With US “reciprocal” tariffs on pause but not resolved, we believe the growing divergence in single-stock performance within China equities reflects heightened market sensitivity to any perceived weakness in earnings or forward guidance.

But we view this volatility as more a function of positioning after the trade relief rebound, rather than a sign of deteriorating fundamentals. We see several reasons to stay engaged and continue building exposure to China tech:

China tech earnings so far have been broadly positive. Most large-cap Chinese tech companies have reported results ahead of consensus on both revenue and profit, reflecting resilient demand across core businesses and new growth drivers. E-commerce platforms are showing steady top-line growth, while gaming and cloud service providers are benefiting from ongoing digitalization and AI adoption. Importantly, management teams remain confident about the monetization potential of artificial intelligence capabilities and expect growth to accelerate further as adoption deepens. This earnings momentum suggests that sector fundamentals remain intact, even if the market is scrutinizing individual misses more closely.

China tech valuations are attractive relative to global peers. While some gaming and internet platforms have seen sharp share price moves post-results, we think sector-level valuations have not fully reflected the improving earnings backdrop for China tech equities.
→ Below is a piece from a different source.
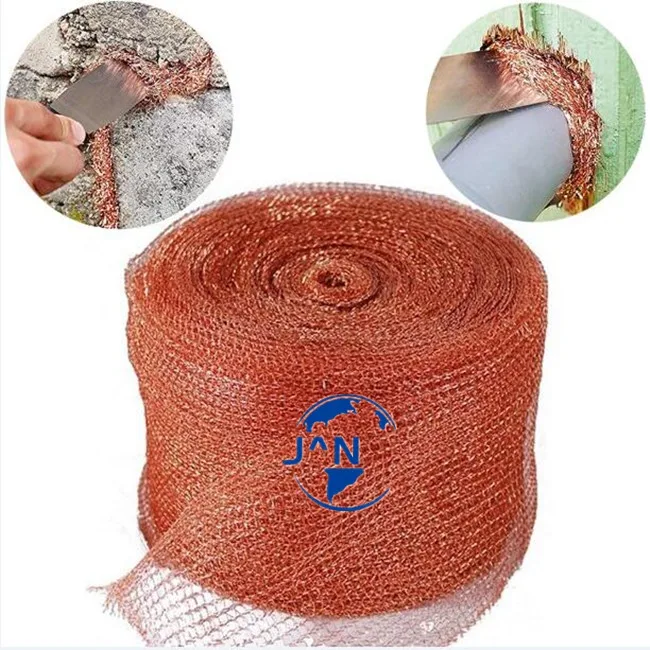 Hestia Sel Sup Prod-Pest Control Mesh Pure Copper Mesh For Pest Control And Copper Mesh Scourer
On a price/earnings-to-growth (PEGR) basis, China tech continues to trade at a meaningful discount to US large-cap tech despite an improving growth backdrop. Leading Chinese tech names are trading at forward price-to-earnings (P/E) multiples averaging 13x, well below global gaming and technology sector averages. This valuation gap, combined with robust earnings prospects, underpins our constructive sector view.
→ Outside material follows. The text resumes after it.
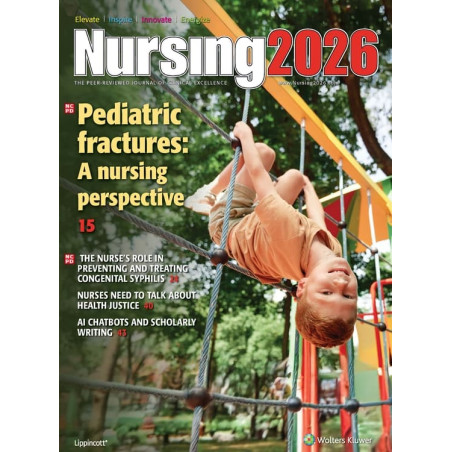 Nursing 2026 (Print ) Magazine Subscription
Capital market activity is picking up, supporting liquidity and sentiment. A major IPO in the mainland China electric vehicle (EV) supply chain in Hong Kong this week will be the city’s largest listing of 2025, signaling renewed investor engagement. We expect a steady pipeline of secondary listings from domestic A-shares and the return of more China ADRs to Hong Kong, which should further strengthen the exchange’s status as a hub for tech listings. Increased listings not only broaden investor access but also enhance liquidity and visibility for the sector as a whole.
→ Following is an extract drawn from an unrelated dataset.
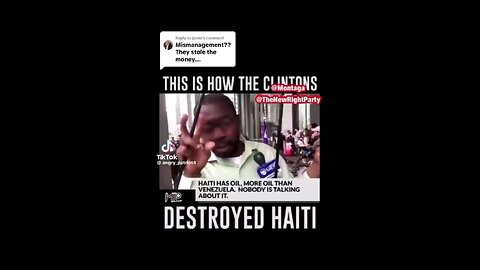 Another Reason the Colonialist Clintons are interested in Haiti.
So, we recommend investors use any outsized dips to build exposure to mainland China tech, which we continue to rate as Attractive. In our view, strong sector-level earnings momentum, compelling valuations, and supportive capital market trends outweigh near-term volatility tied to individual results or lingering trade uncertainty. Within China internet, we currently favor select online gaming names, which are demonstrating healthy fundamentals and positive earnings revisions. Investors who are underexposed to China tech may consider gradually increasing their allocation, taking advantage of market pullbacks to add quality names at reasonable prices.